1. for i define sᵢ = 𝜏²^ᶦ + 𝜏*²^ᶦ
2. find s₀ and show the same as r₀
3. find sᵢ²-2 and show its equal to sᵢ₊₁

Question 18

Lemma. Mₙ≡-5mod12.

Answer 18

Let n≥3 be prime. Then Mₙ≡-5mod12.

Question 19

idea for proof of Mₙ≡-5mod12.

Answer 19

1. Mₙ≡4mod4
2. Mₙ ≡ (-1)ⁿ -1mod3 ≡ 1mod3
3. choose a CSR mod 12 and show Mₙ≡-5mod12

Question 20

Idea for proof of 1st half of lucas test. Let n≥3 be prime and suppose Mₙ is prime. Then rₙ₋₂≡0modn

Answer 20

1. apply FlT. Since p=Mₙ≡-5mod12
   μᵖ≡μmod p
   2.multiply through by μ. (μμ=-2)
2. since p+1 is even factorise to replace μ² by 2𝜏. (μ²)¹/²⁽ᵖ⁺¹⁾≡-2 mod p
3. expand out. Then cancel by 2.
4. apply euler criterion. Since p=Mₙ=2ⁿ-1 then p≡-1mod8. => 2¹/²⁽ᵖ⁺¹⁾≡1 => 𝜏¹/²⁽ᵖ⁺¹⁾≡-1modp.
5. take conjugates add this to original then apply rᵢ = 𝜏²^ᶦ + 𝜏*²^ᶦ formula.
6. by defining relation for rᵢ we get the result

Question 21

if rₙ₋₂/≡0modn then

Answer 21

Mₙ is not prime

Question 22

Lemma. Cancelling by 2 in ℤ[√3]

Answer 22

Let p be an odd prime, α,β∈ℤ[√3]. suppose that
2α≡2β mod p
Then, α≡βmodp

Question 23

Lemma. taking conjugates in ℤ[√3]

Answer 23

Let p be an odd prime, α,β∈ℤ[√3]. suppose that
α ≡ β mod p
Then, α* ≡ β* mod p

Question 24

order (in an arbitrary ring)

Answer 24

Let R be a ring, n∈{0} and a∈R. The order of a modulo n in R is the smallest natural number d s.t. aᵈ≡1modn. if such d exists. if not a does not have an order modulo n.

Question 25

Lemma. order in arbitrary rings (same as in ℤ)

Answer 25

Let R be a ring, q∈R and a∈R. Assume that a has order d modulo n. Let k∈ℕ. Then
aᵏ≡1modq
if and only if d|k

Question 26

proof of second half of lucas test

Answer 26

1. choose a suitable factor q of Mₙ s.t. q≡±5mod12

(Mₙ is odd and not a factor of 3 look at CSR. Also Mₙ≡±5mod12.)

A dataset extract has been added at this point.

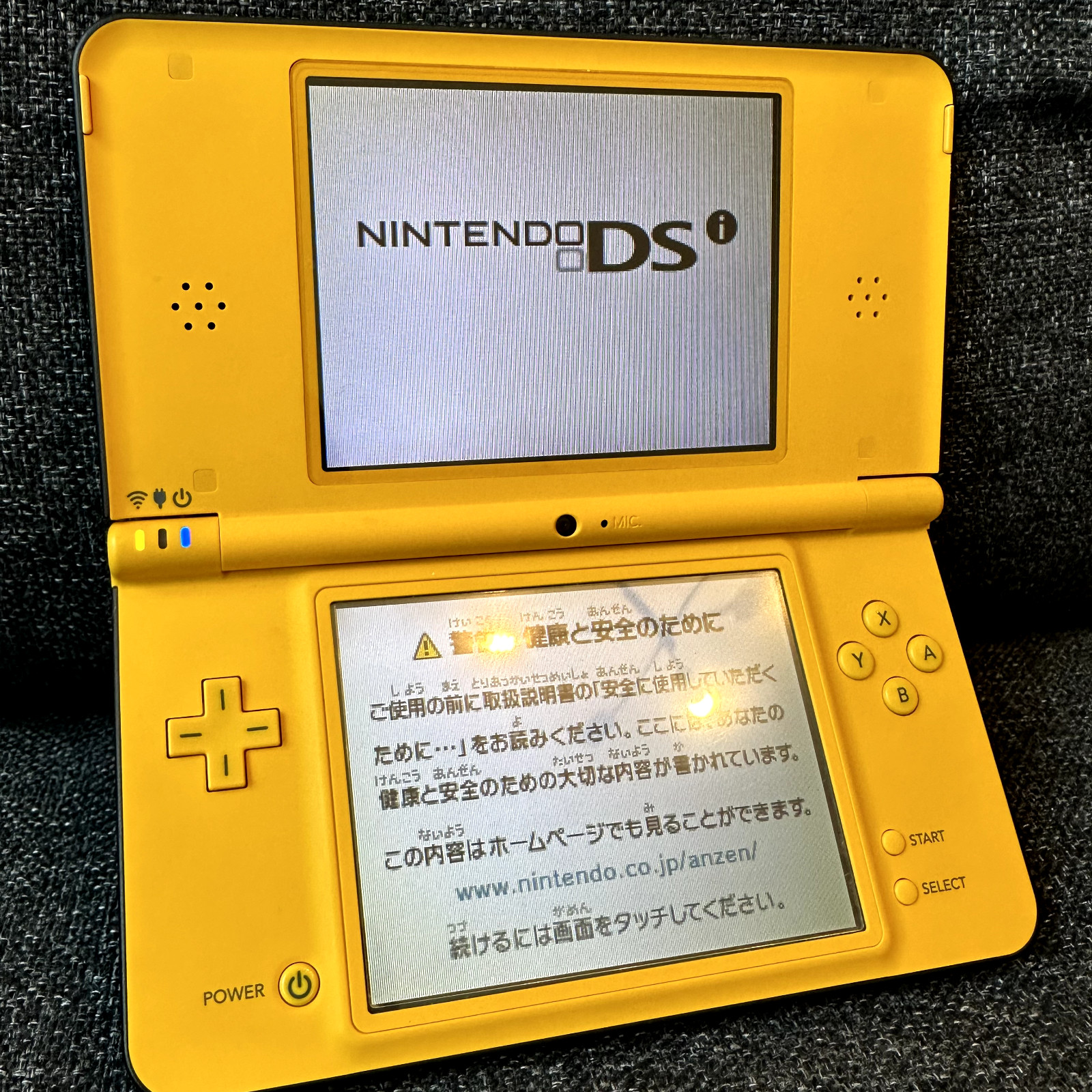 [ Excellent ] Nintendo DSi LL XL yellow Console Japanese ver. NTSC-J Working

2. work out the order of 𝜏 mod q.

(rₙ₋₂≡0modn, use rᵢ = 𝜏²^ᶦ + 𝜏*²^ᶦ equation, multiple by 𝜏 to get rid of conjugate, square this. Then let d be the order of 𝜏 mod q => d|2ⁿ so d=2ᵐ for some m≤n. n-1=m+k. Then 𝜏^Mₙ≡1modq )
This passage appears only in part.